Air Fuel Synthesis (AFS) in the UK has developed a system which combines carbon dioxide and water to produce a hydrocarbon base product. This base product can then be converted into most of the gasoline products we’ve got used to getting from oil.
It’s not that the science is particularly complicated; it’s just that AFS has managed to nail the end-to-end process and use renewable energy to power it.
In essence, it works like this:
Wind turbines produce electricity to power an electrolyser. This splits water into hydrogen and oxygen and the hydrogen is combined with carbon dioxide from the air to make the base hydrocarbon. The hydrocarbon can then be used to produce gas, lubricants, plastics, and all other sorts of goodies.
Furthermore, the gas doesn’t need any special additives and can go straight into today’s cars without engine modifications. No batteries, no hydrogen fuel cells, nothing. Just pump it in like regular gas, from a regular pump.
The company has already built a demonstrator unit at its $1.7m development base which is churning out up to 10 litres of hydrocarbon a day. Its next aim is to raise the funding to take the project to the next level.
“We think that by the end of 2014, provided we can get the funding going, we can be producing petrol using renewable energy and doing it on a commercial basis,” says AFS CEO Peter Harrison. “We ought to be aiming for a refinery-scale operation within the next 15 years.”
He’s also fully aware of the impact the company’s process could have on an oil-dominated world.
“You have the potential to change the economics of a country if you can make your own fuel,” Harrison continues. “We’re talking to a number of island communities around the world and other niche markets to help solve their energy problems.”

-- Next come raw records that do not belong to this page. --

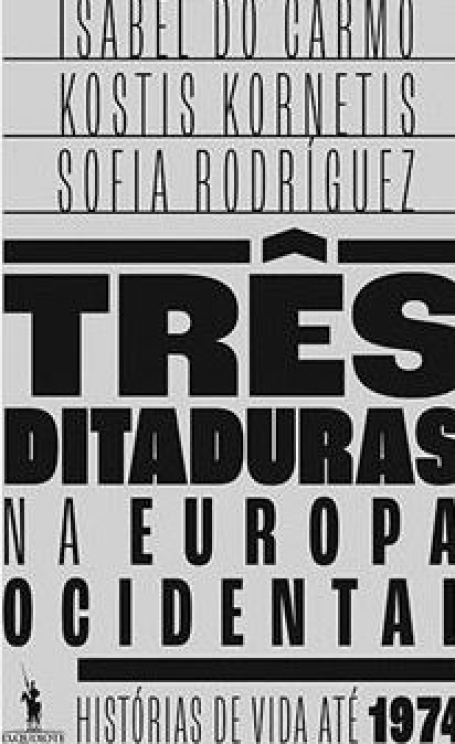 TRÊS DITADURAS NA EUROPA OCIDENTAL histórias de vida até 1974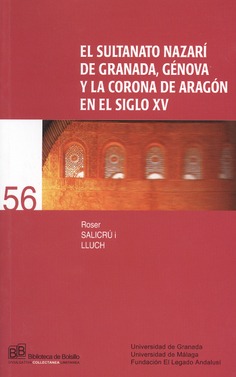 El sultanato nazarí de Granada, Génova y la Corona de Aragón en el siglo XV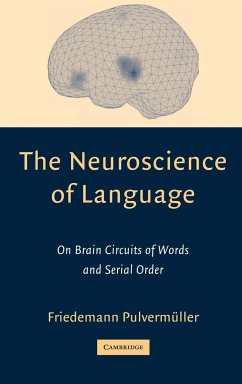 The Neuroscience of Language - Pulvermuller, Friedemann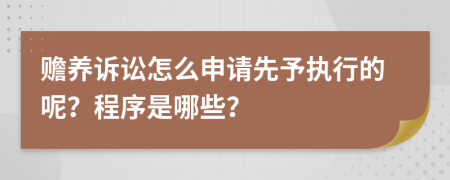 贍養(yǎng)訴訟怎么申請先予執(zhí)行的呢？程序是哪些？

There’s a whole basketful of if’s and but’s, the most important of which are: 1) whether the scaled up process can run exclusively from renewable energy, and 2) what the cost will be.
That said, this is believed to be the first such end-to-end process anywhere in the world. Not so much “carbon capture and storage,” as carbon capture and reuse.
A holy grail for clean technology if ever there was one, and perhaps the horizon of a post–fossil fuel economy.